Recently FringeKid and I decided we needed a makeover, so we did what all good Long Island women do – we had ourselves a spa day. Except (trouble naturally accompanies that word) I’m jobless and subsequently broke most of the time. I’m happy to report that I did just receive a chunk of change for adding a small text add to my sidebar. I’m sure I should frame my first dollar earned from blogging, but truth be told, Target is going to get that dollar before too long.
Anyway, spas require payment, so we decided to give each other complimentary facials and hairdos.
I’m not one of those slightly freakish…Can a person be only slightly freakish? …slightly freakish pageant moms who spray a tan on their 4 year old and parade her little baby body around in a bikini, Dolly Parton hair, and false lashes.
If you happen to be one of these ‘slightly’ freakish moms, no offense intended.

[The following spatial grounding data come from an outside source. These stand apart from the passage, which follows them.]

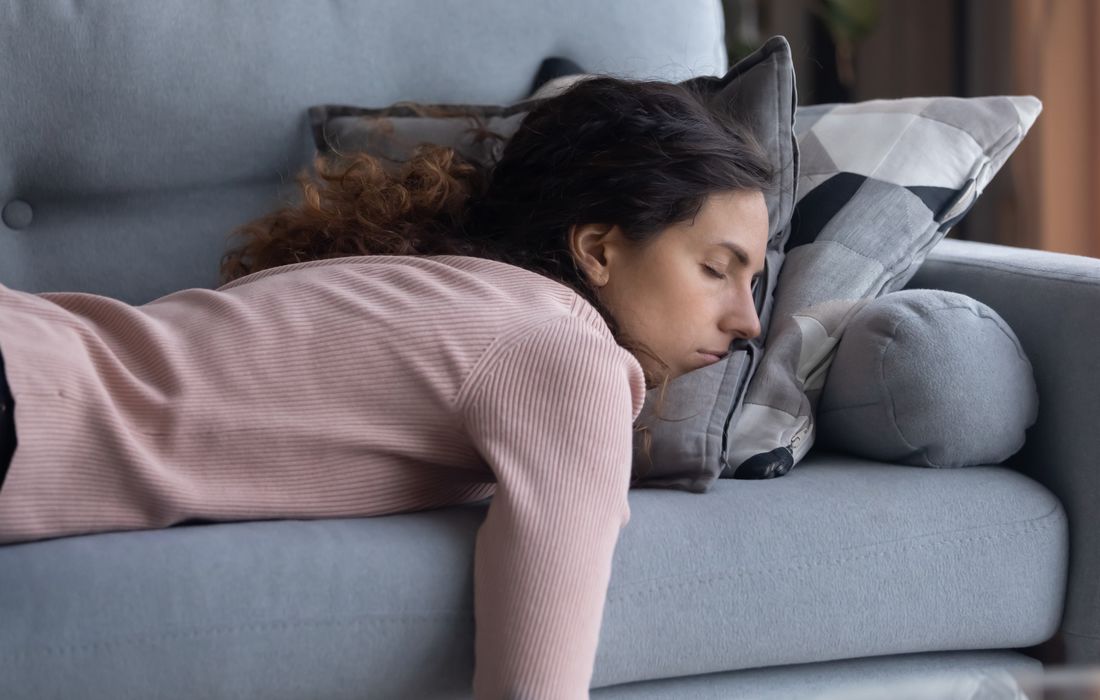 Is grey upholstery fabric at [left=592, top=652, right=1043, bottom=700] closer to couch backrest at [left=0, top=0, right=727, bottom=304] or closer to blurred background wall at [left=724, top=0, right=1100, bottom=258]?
couch backrest at [left=0, top=0, right=727, bottom=304]

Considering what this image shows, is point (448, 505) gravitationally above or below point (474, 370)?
below

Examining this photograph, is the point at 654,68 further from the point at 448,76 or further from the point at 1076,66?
the point at 1076,66

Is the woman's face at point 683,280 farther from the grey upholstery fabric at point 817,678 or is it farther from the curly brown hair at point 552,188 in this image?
the grey upholstery fabric at point 817,678

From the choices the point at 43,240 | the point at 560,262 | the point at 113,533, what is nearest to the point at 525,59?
the point at 560,262

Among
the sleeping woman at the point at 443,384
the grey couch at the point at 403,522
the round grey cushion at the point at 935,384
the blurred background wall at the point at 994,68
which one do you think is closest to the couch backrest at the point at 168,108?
the grey couch at the point at 403,522

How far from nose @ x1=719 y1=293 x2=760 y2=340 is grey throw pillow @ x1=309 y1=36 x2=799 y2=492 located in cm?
2

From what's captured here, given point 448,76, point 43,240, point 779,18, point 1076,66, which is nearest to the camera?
point 43,240

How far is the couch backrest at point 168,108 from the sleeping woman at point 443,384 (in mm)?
397

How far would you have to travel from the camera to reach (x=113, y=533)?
37.7 inches

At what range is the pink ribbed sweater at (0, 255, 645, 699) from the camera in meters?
0.89

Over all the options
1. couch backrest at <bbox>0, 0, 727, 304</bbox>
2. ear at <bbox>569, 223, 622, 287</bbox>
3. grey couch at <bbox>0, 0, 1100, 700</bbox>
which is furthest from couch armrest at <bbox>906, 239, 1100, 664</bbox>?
couch backrest at <bbox>0, 0, 727, 304</bbox>

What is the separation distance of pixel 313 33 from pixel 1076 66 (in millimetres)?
1734

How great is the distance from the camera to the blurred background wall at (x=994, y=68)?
2492 millimetres

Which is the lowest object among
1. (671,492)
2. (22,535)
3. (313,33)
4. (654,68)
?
(671,492) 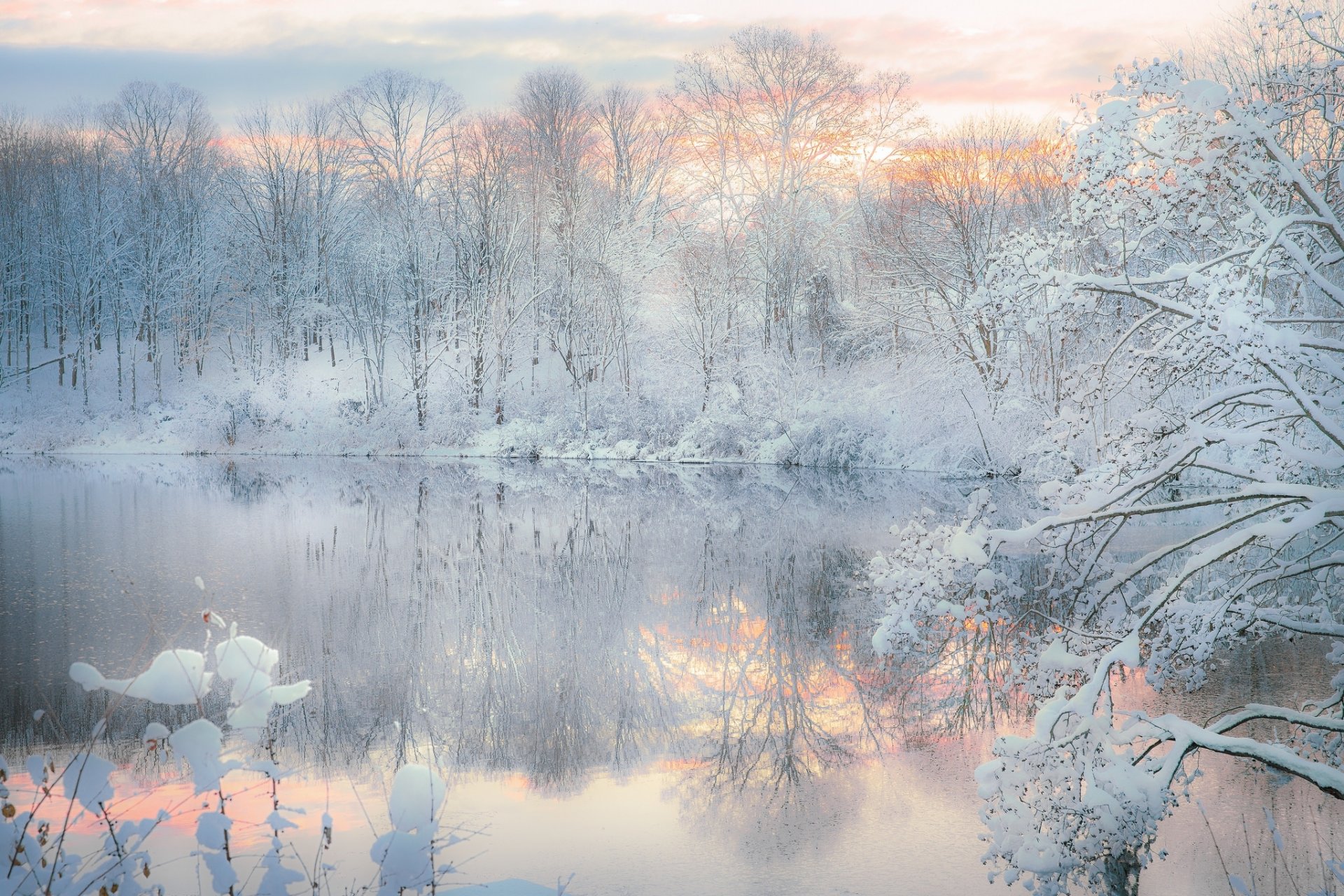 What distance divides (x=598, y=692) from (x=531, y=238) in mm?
37260

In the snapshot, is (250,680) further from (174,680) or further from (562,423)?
(562,423)

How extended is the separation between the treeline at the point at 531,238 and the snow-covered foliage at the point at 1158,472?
857 inches

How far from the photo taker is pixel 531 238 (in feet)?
149

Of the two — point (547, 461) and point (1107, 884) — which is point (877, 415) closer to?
point (547, 461)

We all have our opinions, don’t we?
Now that I’ve made enemies, I’ll say that playing dress-up is just plain fun for a kid. What little girl doesn’t want to get into her mommy’s makeup? It’s all fun and games and gets sloshed down the drain after playtime is over.
Notice our pile of archaic audio-video equipment in the ‘entertainment center’? Only recently have we graduated from rabbit ears. Pathetic, I tell ya.
When the makeup switched hands, I started to sweat. It’s as if she were painting the Momma Lisa. FringeKid was intent on creating the perfect look for her mother.